For me this is rather a good argument against using home banking (which I indeed don't use for security reasons - and as a computer scientist I'm surely not technologically backward).

UPDATE: if money is lying around on the street you are not be allowed to keep it (the same as I should not be allowed to keep the "money lying around in the internet"), but you can claim for getting the legitimate finder's reward.


[deleted]



> UPDATE: if money is lying around on the street you are not be allowed to keep it (the same as I should not be allowed to keep the "money lying around in the internet"), but you can claim for getting the legitimate finder's reward.

It's actually a bit more complicated than that. Property (chattels) can be lost, mislaid, or abandoned. The distinction between lost and mislaid is that you mislay something when you intentionally put it somewhere but forget to retrieve it. That doesn't really apply to currency in the street -- it's unlikely that someone would intentionally leave money in the street.

So we are dealing with lost property. At common law the rule was that the finder of a chattel in a public place had a superior title to anyone except the true owner, and that if such a possessor knew or could reasonably ascertain the owner's identity he had a duty to notify the owner. A breach of that duty could result in either tort or criminal liability or both. In the case of fungible currency in the street, I'd say there's a good argument that it is not reasonable to ascertain the true owner.

However this common law rule has been modified in most jurisdictions by statute. Illinois has a typical such statute:

(765 ILCS 1020/27-8)

Sec. 27. If any person or persons find any lost goods, money, bank notes, or other choses in action, of any description whatever, such person or persons shall inform the owner thereof, if known, and shall make restitution of the same, without any compensation whatever, except such compensation as shall be voluntarily given on the part of the owner. If the owner is unknown and if such property found is of the value of $100 or upwards, the finder or finders shall, within 5 days after such finding file in the circuit court of the county, an affidavit of the description thereof, the time and place when and where the same was found, that no alteration has been made in the appearance thereof since the finding of the same, that the owner thereof is unknown to the affiant and that the affiant has not secreted, withheld or disposed of any part thereof. The court shall enter an order stating the value of the property found as near as the court can ascertain. A certified copy of such order and the affidavit of the finder shall, within 10 days after the order was entered, be transmitted to the county clerk to be recorded in his estray book, and filed in the office of the county clerk. ...

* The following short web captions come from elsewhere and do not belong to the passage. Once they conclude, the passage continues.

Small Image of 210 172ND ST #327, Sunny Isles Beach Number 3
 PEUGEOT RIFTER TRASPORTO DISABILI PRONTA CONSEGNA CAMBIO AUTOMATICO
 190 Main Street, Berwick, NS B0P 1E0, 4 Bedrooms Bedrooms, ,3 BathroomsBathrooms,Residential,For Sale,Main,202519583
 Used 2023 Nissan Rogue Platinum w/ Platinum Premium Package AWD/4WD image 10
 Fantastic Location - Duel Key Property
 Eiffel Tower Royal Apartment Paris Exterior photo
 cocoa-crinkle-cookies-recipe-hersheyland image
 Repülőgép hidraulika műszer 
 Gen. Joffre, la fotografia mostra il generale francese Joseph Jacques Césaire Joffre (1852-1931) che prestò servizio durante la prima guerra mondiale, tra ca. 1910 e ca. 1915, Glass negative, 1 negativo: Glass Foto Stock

Sec. 28. In all cases where such lost goods, money, bank notes or other choses in action shall not exceed the sum of $100 in value and the owner thereof is unknown, the finder shall advertise the same at the court house, and if the owner does not claim such money, goods, bank notes or other choses in action within 6 months from the time of such advertisement, the ownership of such property shall vest in the finder and the court shall enter an order to that effect.

If the value thereof exceeds the sum of $100, the county clerk, within 20 days after receiving the certified copy of the court's order shall cause a notice thereof to be published for 3 weeks successively in some public newspaper printed in this county and if the owner of such goods, money, bank notes, or other choses in action does not claim the same and pay the finder's charges and expenses within one year after the advertisement thereof as aforesaid, the ownership of such property shall vest in the finder and the court shall enter an order to that effect.


My bank won't give you any money with just a password. You also have to claim to be me. That's the illegal bit.

My lock isn't authorised to give permission to anyone. Lock picks are forcing it, not requesting it.